# Protection d'ecran valable pour Watch4 44MM ??



## Skraajj (16 Septembre 2019)

Salut,

J'ai déjà essayer divers protection (film et verre) pour l’écran de ma watch4 mais aucun n'est vraiment bien faites... Soit la taille n'est pas exactement ça et ça ne s'adapte pas correctement ou soit j'ai une perte de sensibilité du tactile et il faut parfois appuyer 3/4x avant que ça fasse l'action...

Je cherche plus un film ou verre, les coques complète ne m’intéresse pas.

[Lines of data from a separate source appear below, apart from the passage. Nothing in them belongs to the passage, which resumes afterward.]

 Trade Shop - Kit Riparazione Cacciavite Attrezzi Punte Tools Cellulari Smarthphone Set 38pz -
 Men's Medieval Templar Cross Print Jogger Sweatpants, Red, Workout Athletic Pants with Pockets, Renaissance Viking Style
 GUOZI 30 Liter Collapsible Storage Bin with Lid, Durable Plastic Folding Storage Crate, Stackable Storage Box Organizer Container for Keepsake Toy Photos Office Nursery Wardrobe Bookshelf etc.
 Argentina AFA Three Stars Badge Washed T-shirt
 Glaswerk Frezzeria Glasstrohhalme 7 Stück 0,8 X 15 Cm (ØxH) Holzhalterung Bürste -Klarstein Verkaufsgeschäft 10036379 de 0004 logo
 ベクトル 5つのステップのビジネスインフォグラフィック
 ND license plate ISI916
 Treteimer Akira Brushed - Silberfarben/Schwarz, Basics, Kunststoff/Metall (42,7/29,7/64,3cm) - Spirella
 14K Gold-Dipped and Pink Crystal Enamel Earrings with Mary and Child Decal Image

Avez vous des protections a recommander?

Ça m’embête vraiment car même en faisant extrêmement attention j'ai déjà une petite griffe a cause de cela... Et ça n'est pas faute de chercher/tester car depuis le 1er jour j'essaie 

Merci d'avance


----------



## Jura39 (16 Septembre 2019)

Bonsoir,

Vous avez déjà tester les films ?
Personnellement , je ne protège pas ma Watch


----------



## Skraajj (16 Septembre 2019)

Oui j’en ai déjà testé mais ils n’étaient pas top  

Le problème c’est qu’en ne la protégeant pas elle risque pas de rester longtemps comme neuve


----------



## Jura39 (16 Septembre 2019)

C'est quel modèle?


----------